Faster hack

Author:	Wojciech Muła
Added on:	2022-01-31

The other day I came across the following line:

len * ("11124811248484"[type < 14 ? type:0]-'0') > 4;

My first reaction was "WTF", but later I realized that such a hackish code has to be a response to poor compiler optimizations. And taking into account that the code might be quite old, this is a perfect solution. Only a bit unreadable.

In fact we have something like len * coefficient(type) > 4, where coefficient is a value from the set {1, 2, 4, 8}.

I want to show that this problem can be solved not only cleaner but also faster.

First, let's examine the compiler output for the original expression. We assume both variables are unsigned integers.

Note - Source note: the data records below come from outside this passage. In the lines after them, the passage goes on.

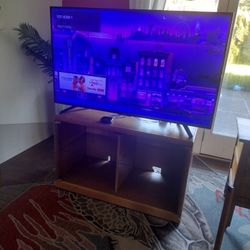 TV & Stand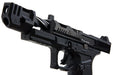 Strike Industries EMG ARK-17 GBB Pistol with Detachable Compensator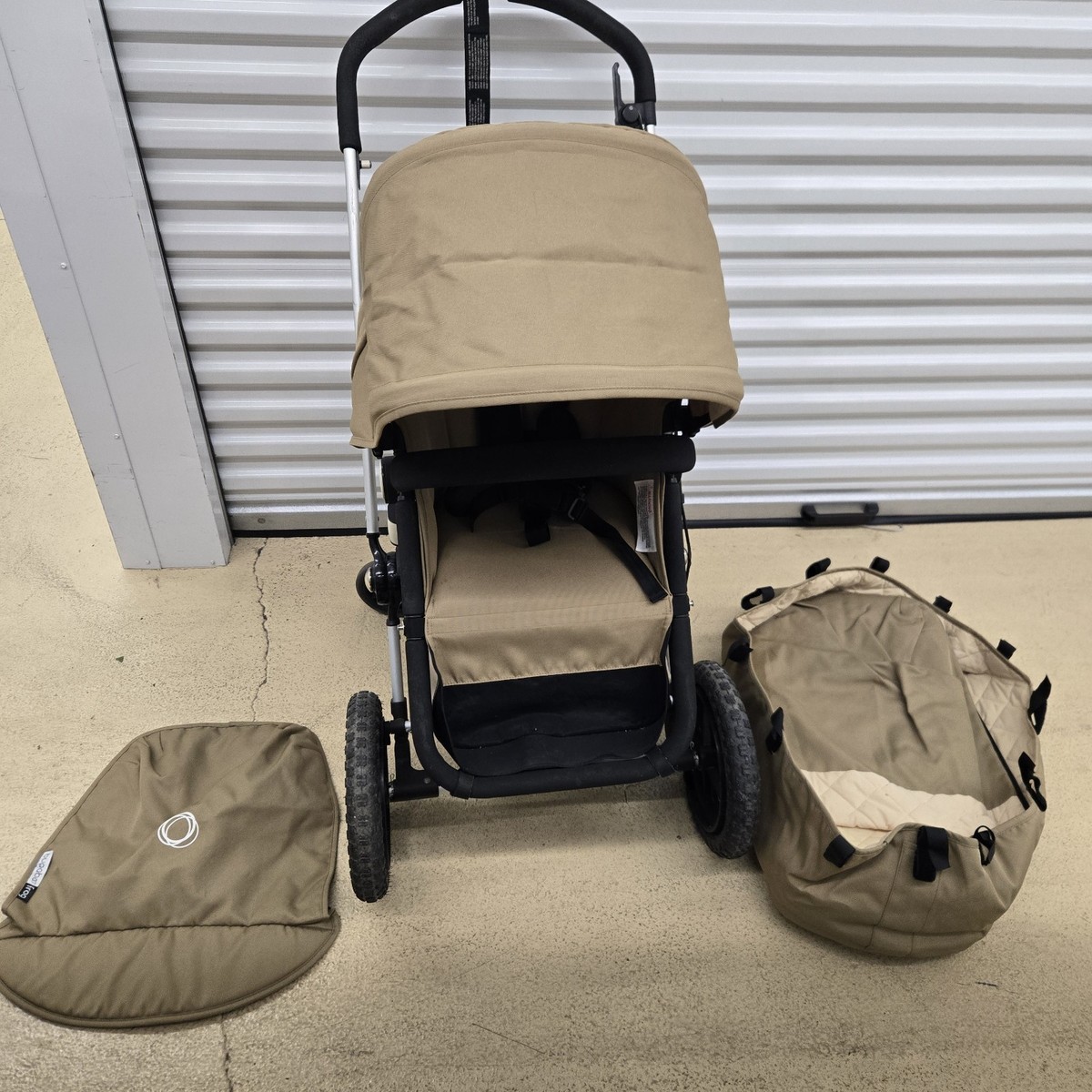 does evenflo shyft need a base Dualride Quantity:Single Unit catfish tackle off for an otherwise Butterfly Bed - Bed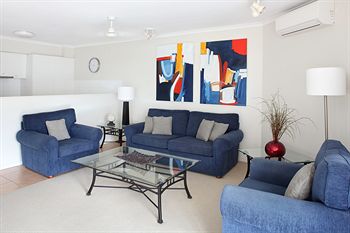 Macquarie Lodge Apartments - thumb 26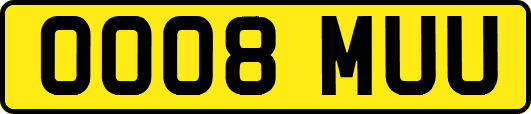OO08MUU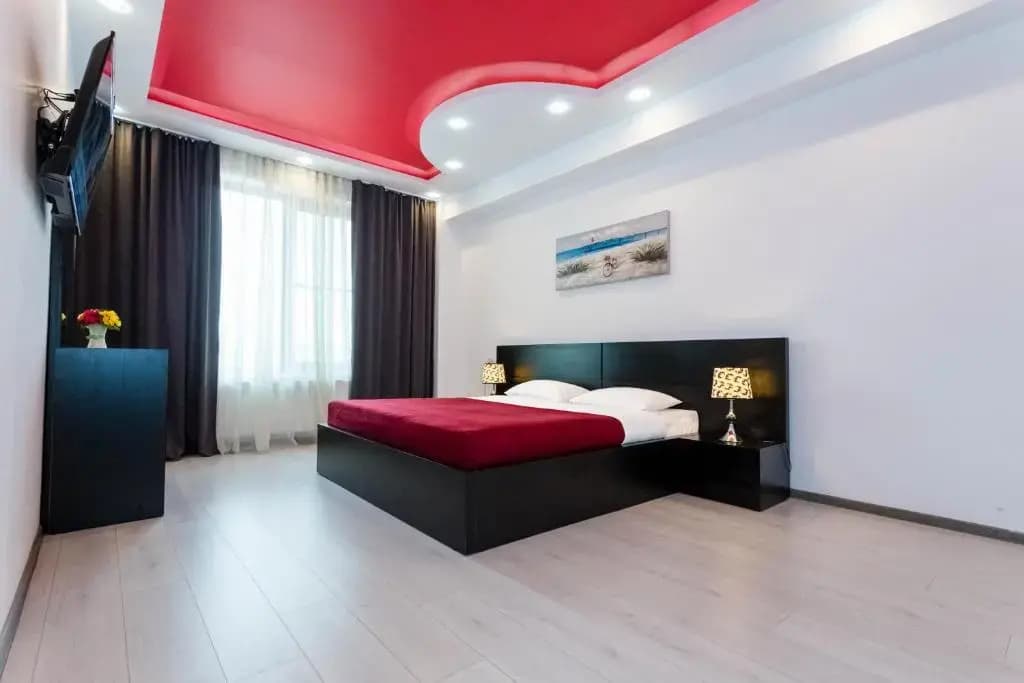 Serviced Apartment on Rustaveli Avenue 9 - photo 2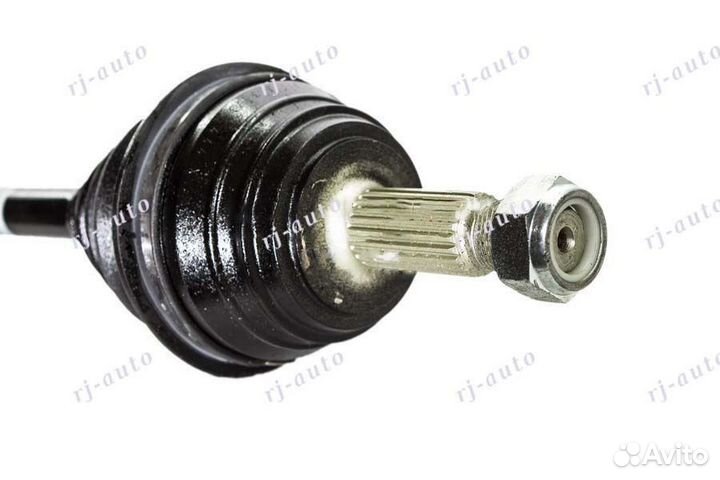 Привод Левый Фольксваген Гольф 3 / Volkswagen Golf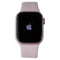 Apple Watch Series 9 (A2982) GPS + Cellular - 41mm Pink Alu / Pink Sp Band M/L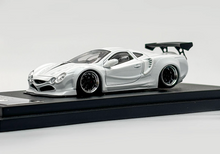 Load image into Gallery viewer, Mortal 1:64 Orochi LBWK Racing Sports Model Diecast Metal Car New Collection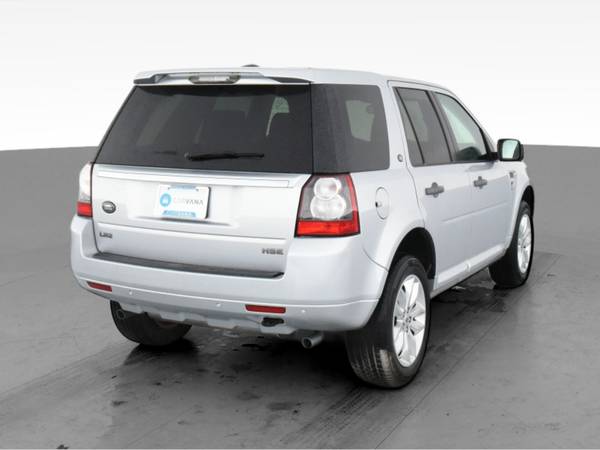 2011 Land Rover LR2 Sport Utility 4D suv Silver - FINANCE ONLINE -... for sale in Buffalo, NY – photo 10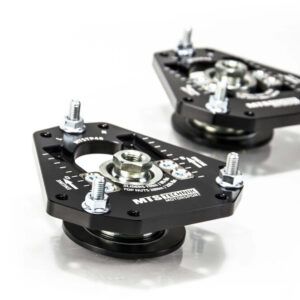Adjustable camber / caster plates (front) - MTSCP48SET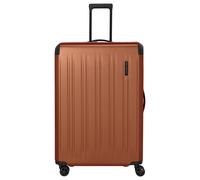 Travelite Dynamiic - Trolley XL de 4 ruedas 81 cm (kupfer)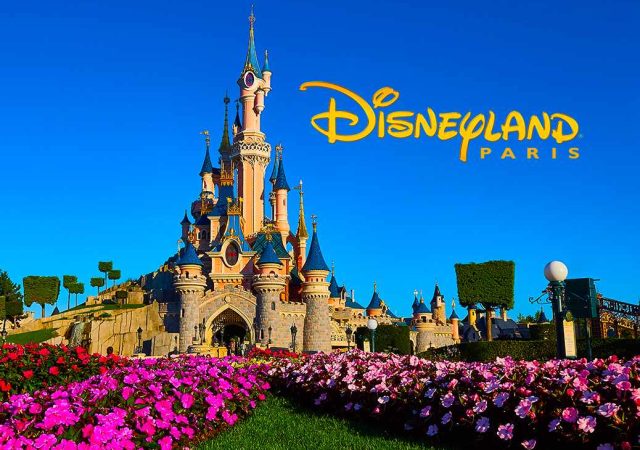 Disneyland: Προσλήψεις με την «ημέρα καριέρας» στην Αθήνα 12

bool fun1(unsigned int len, unsigned int type) {
    return len * ("11124811248484"[type < 14 ? type:0]-'0') > 4;
}

And the output from gcc -O3 -march=skylake -s; GCC version is 10.2.1.:

    cmpl    $13, %esi
    ja      .L2
    movl    %esi, %esi
    leaq    .LC0(%rip), %rax        # coef = "11124811248484"[type] if type < 14
    movsbl  (%rax,%rsi), %eax
    subl    $48, %eax               # coef -= '0'
    imull   %eax, %edi              # edi = len * coef
.L2:
    cmpl    $4, %edi                # len * coef > 4
    seta    %al
    ret

It's worth to note that the compiler knows that for type >= 14, we always fetch the value "11124811248484"[0] - '0' that equals one. Thus, jumps instantly to the comparison.

Optimization #1

We may omit subtraction of constant '0', if we don't use ASCII digits, but hex strings. Maybe for older compiler we need to use octal digits. Either way, we avoid a subtraction.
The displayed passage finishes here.